_Exercise objective_
What is needed is the full listing written out exactly, minus the pictures.
Start of Dataset section
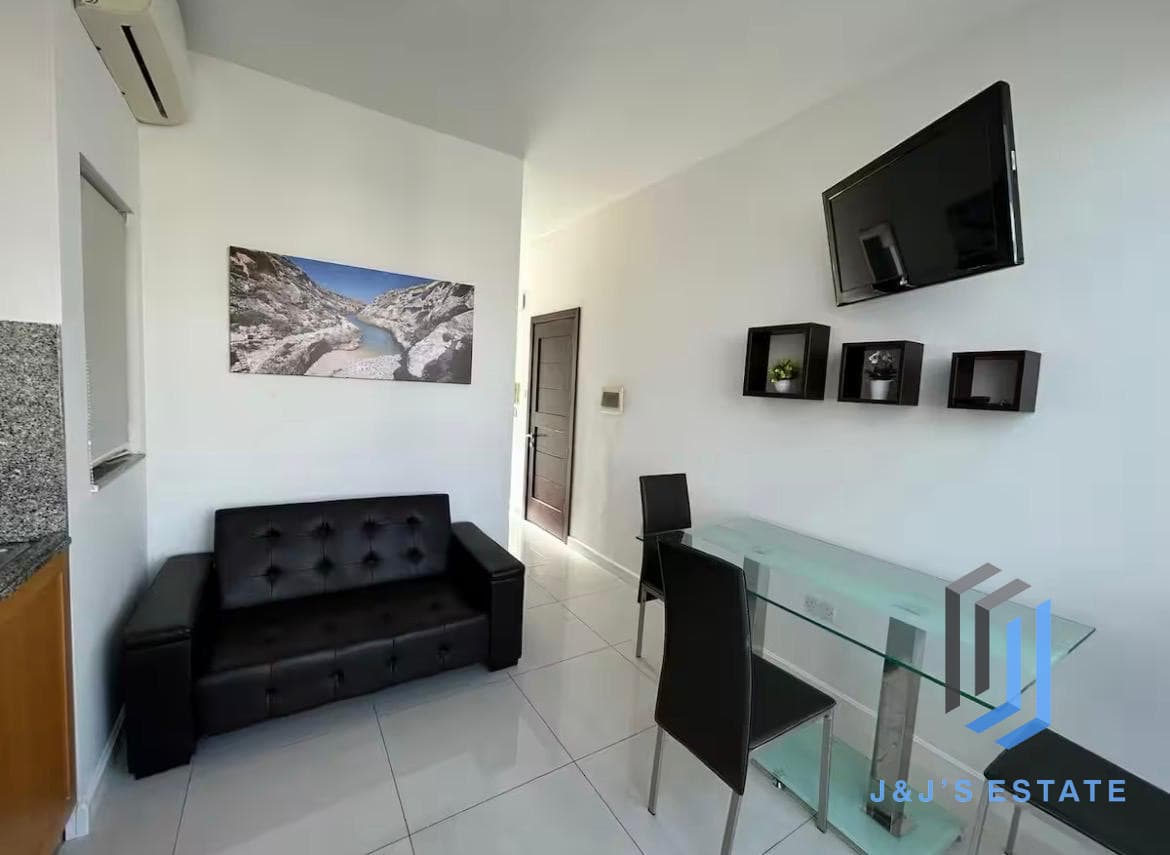 Spacious Gzira 1 Bedroom Penthouse for Rent · 17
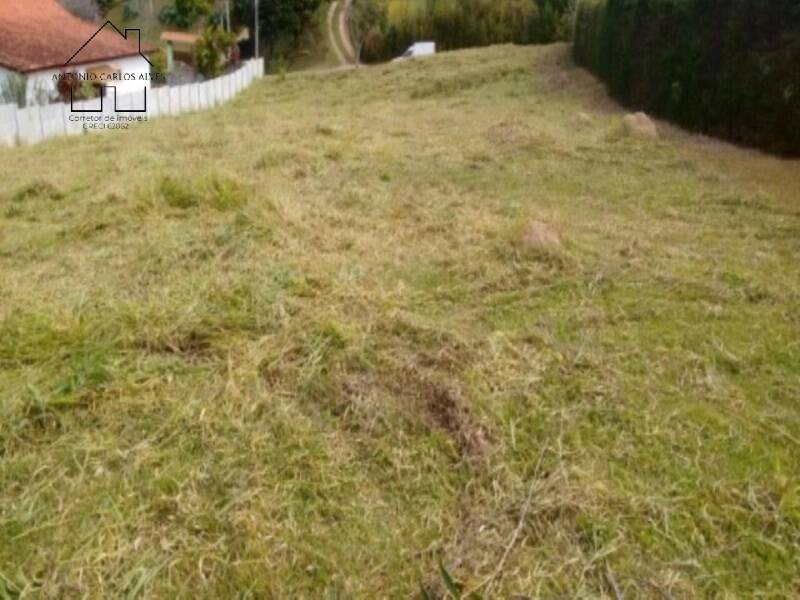 Terreno à venda, 2001m² - Foto 4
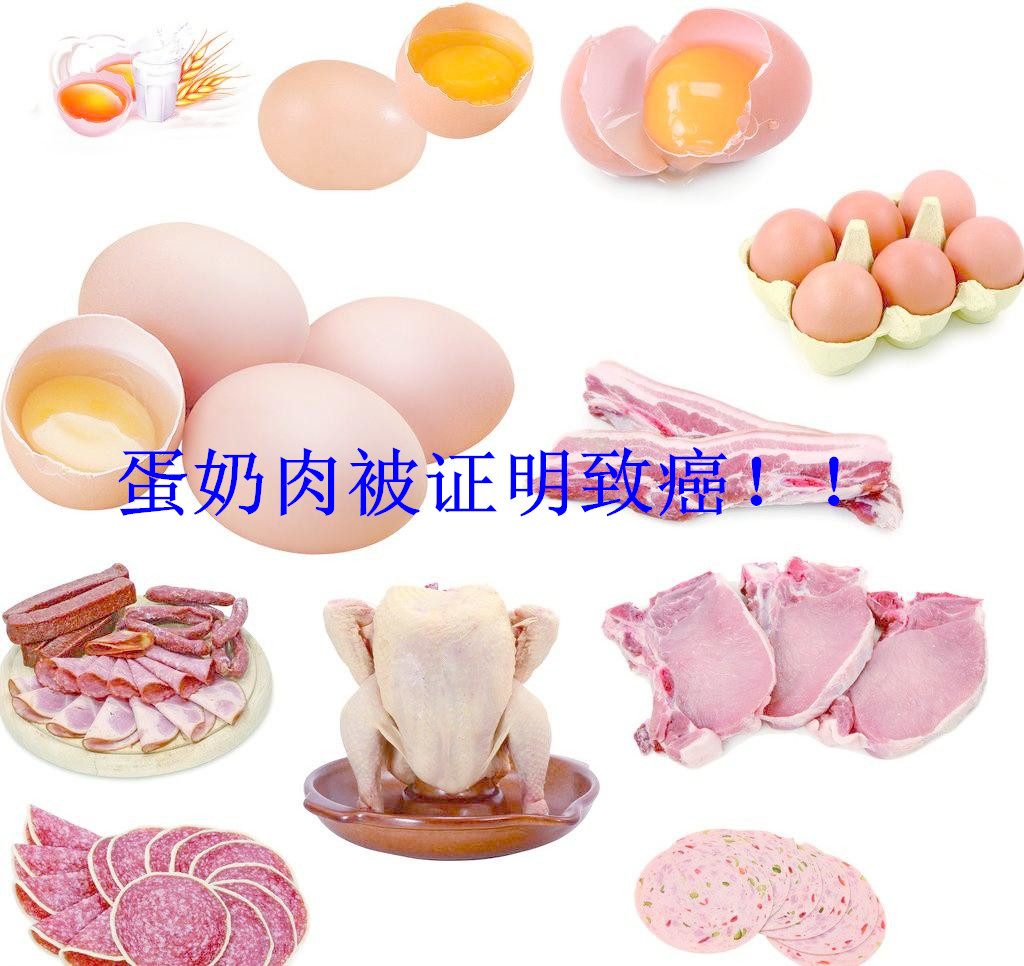 蛋奶肉_副本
End of Dataset section
_Response to this task_
 Spacious Gzira 1 Bedroom Penthouse for Rent · 17
 Terreno à venda, 2001m² - Foto 4
 蛋奶肉_副本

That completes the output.